Tuesday, January 17, 2017

On "Selective" Morality



It's Tuesday morning, so I've been sifting through various news articles and opinion pieces mentioning veganism. The headline "Why I believe selective veganism is the way forward" caught my eye. It seems an ongoing project for many to co-opt the term "vegan" and to water it down or otherwise alter it to include or promote deliberate animal use for pleasure or convenience. When I clicked on the link, the opinion piece's title became: "Struggling vegan? Why I believe selective veganism is the way forward" which better clarified the writer's likely angle to me. Veganism is haaard! Treat yourself with animal products to make it easier! I hopped that I was wrong, but these pieces have become so predictable.


"Selective Veganism" Explained


Lisa Bowman begins by defining "selective veganism" as "the vegan version of flexitarianism". Basically, she says that while the latter consists of people who are "mostly veggie" occasionally indulging themselves in meat, that "selective vegans" are people who are "mostly vegan" but who occasionally indulge themselves in dairy and eggs. Um. Yeah. "Here we go again," I thought.
Maybe you’re strictly vegan at home but flexible when you go out to eat? Perhaps you’re 100% vegan until you’re offered free food? Or maybe you won’t touch dairy unless you’re hungover as hell.
At least (i.e. at the very, very least) she acknowledges that "most vegans" would view this as a "cop-out" (no, really?), but she doesn't elaborate upon why they would any further, choosing instead to focus on all of the reasons most vegans would probably be better off cutting themselves some slack and, well, not be all that vegan.

Belonging (or How to Avoid Being an Outsider 101)


Bowman makes a huge -- and wrong -- assumption about vegans when she states that most of us she sees posting on sites like Instagram seem to have enormous vegan support networks. The truth is that most of us don't. Outside of major urban areas, most vegans with whom I've spoken have been fortunate if they've known more than 1-2 other vegans off the internet. Social networking helps with this a great deal, since it's a way for us to connect from a distance, or to meet up where we may not have otherwise crossed paths. Sadly, though, many of the new vegans who've written to me via the blog or my blog's Facebook page, though, have mentioned that they knew no other vegans "in real life".
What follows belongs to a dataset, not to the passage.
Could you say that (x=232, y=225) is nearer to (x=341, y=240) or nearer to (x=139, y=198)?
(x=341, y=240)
So Bowman brings up socializing and focuses on eating out, saying that since her friends are all non-vegan, she can't eat at "vegan food joints" and finds herself left with only two options. She says she can either "
make do with what’s available for vegans on the menu, which invariably is either nothing or chips and a miserable side salad" or to eat animal products (she specifies that they be "vegetarian") and to not "stress about it". First of all, it should be pointed out that specifying that vegetarian dishes should be chosen is ethically meaningless, since there's no difference between consuming meat, dairy or eggs. In all cases, animals used for these are bred into existence for human pleasure and live wretched lives which end in slaughter. In the case of dairy and eggs, additional lives are taken whether they be of the calves removed from their mothers so that the milk meant for them can be stolen for humans, or the male chicks who end up killed at hatcheries. As for the rest of it? 
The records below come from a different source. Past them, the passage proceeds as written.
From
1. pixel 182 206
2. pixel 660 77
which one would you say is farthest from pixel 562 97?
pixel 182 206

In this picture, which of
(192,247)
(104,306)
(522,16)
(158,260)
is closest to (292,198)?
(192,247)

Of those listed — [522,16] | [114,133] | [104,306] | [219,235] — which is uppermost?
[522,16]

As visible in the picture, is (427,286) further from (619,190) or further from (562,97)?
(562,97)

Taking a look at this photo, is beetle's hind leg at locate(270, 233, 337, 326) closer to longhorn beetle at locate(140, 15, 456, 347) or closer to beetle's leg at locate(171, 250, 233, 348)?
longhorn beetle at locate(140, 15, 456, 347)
It's possible to socialize with people and to have it not involve food. However, if meals are involved, there can still be options which needn't involve what I'm guessing Bowman thinks would be strong-arming your non-vegan friends into a plant-based restaurant. Bowman says she's in Liverpool. As someone who lives in a tiny city (really a big town masquerading as a city) with a population of less than 57,000, I don't have the luxury Bowman mentions of even having access to a strinctly plant-based restaurant. That said, even my small city has at least a couple of vegetarian (and very vegan-friendly) restaurants, a café with half of its menu consisting of vegan-friendly options and then Middle Eastern or Asian restaurants with a good number and variety of dishes perfectly suitable for vegans, as well as pubs and restaurants with at least 1-2 dishes like stir-fries or veggie burgers whose condiments can be switched out if they're dairy-based. Heck, we have at least two pizza places offering plant-based cheese and a popular downtown restaurant offering Daiya and cashew-based mayo as substitutes. I can think of only 3-4 places in the downtown core out of nearly 30 eating establishments where you might find yourself stuck with nothing but french fries.
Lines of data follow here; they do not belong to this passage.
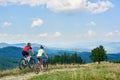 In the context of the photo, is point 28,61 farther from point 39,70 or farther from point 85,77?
point 85,77

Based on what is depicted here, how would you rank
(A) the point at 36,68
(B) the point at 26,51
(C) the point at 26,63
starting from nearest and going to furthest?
1. (A) the point at 36,68
2. (B) the point at 26,51
3. (C) the point at 26,63

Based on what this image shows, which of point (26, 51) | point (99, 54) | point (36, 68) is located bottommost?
point (36, 68)

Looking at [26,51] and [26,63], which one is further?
[26,63]

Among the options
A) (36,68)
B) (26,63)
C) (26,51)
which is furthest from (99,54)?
(36,68)

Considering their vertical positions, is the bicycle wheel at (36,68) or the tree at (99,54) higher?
the tree at (99,54)

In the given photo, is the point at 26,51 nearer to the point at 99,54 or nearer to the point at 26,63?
the point at 26,63

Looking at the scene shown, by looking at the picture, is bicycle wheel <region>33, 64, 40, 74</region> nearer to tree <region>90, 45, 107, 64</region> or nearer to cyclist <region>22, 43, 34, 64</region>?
cyclist <region>22, 43, 34, 64</region>

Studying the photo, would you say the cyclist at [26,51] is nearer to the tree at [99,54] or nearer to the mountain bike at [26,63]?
the mountain bike at [26,63]

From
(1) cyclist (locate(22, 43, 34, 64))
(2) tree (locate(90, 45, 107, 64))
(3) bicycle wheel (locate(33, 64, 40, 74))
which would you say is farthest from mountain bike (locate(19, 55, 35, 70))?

Is it really be so difficult in a city the size of Liverpool to suggest a place to friends which would have something suitable on its menu? Bowman makes it sound as if your choices are limited to either 1) depriving yourself of the company of your friends, or being with them and 2) depriving yourself of food unless you compromise your ethics to share a table with them. I mean, I just looked at the Happy Cow listings for Liverpool and am envious. 
Honestly, though, if it really came down to it -- if you really found yourself faced with eating fries or a salad with no other options available -- then, so what? I've been asked out to pubs by friends who've shrugged upon realizing that I had no other options but fries on a given menu and I've ordered the fries and made a mental note to avoid the establishment in the future. I don't understand how a vegan whould -- or should be made to -- feel obliged to purchase animal products in such a situation.

On Selfish Pleasure


In a section titled "So that you don't suck all of the joy out of eating" (i.e. another of the excuses she presents for not being vegan), she admits that her weakness is halloumi. She "loves" it, she reveals. She "loves it" when she's hungover and has it "three times a year" and those three times apparently "bring (her) so much happiness, it outweighs the ethical guilt (she feels). Basically, her own selfish pleasure trumps ethics. So what if kicking a puppy made her happy? Or tripping an elderly person to watch them fall? It's confusing when further along in the article, she cites this same halloumi consumption as having led to her feeling physically ill and then goes on to link eating a "clean" diet with eating a plant-based diet, and eating that plant-based diet with orthorexia and then deciding to continue indulging in halloumi and other animal products for mental health reasons. I won't write about this, since we've already seen plenty of the "I listened to my body" confessionals by "ex-vegans" and Bowman doesn't really provide any clear information that her anecdote was any different.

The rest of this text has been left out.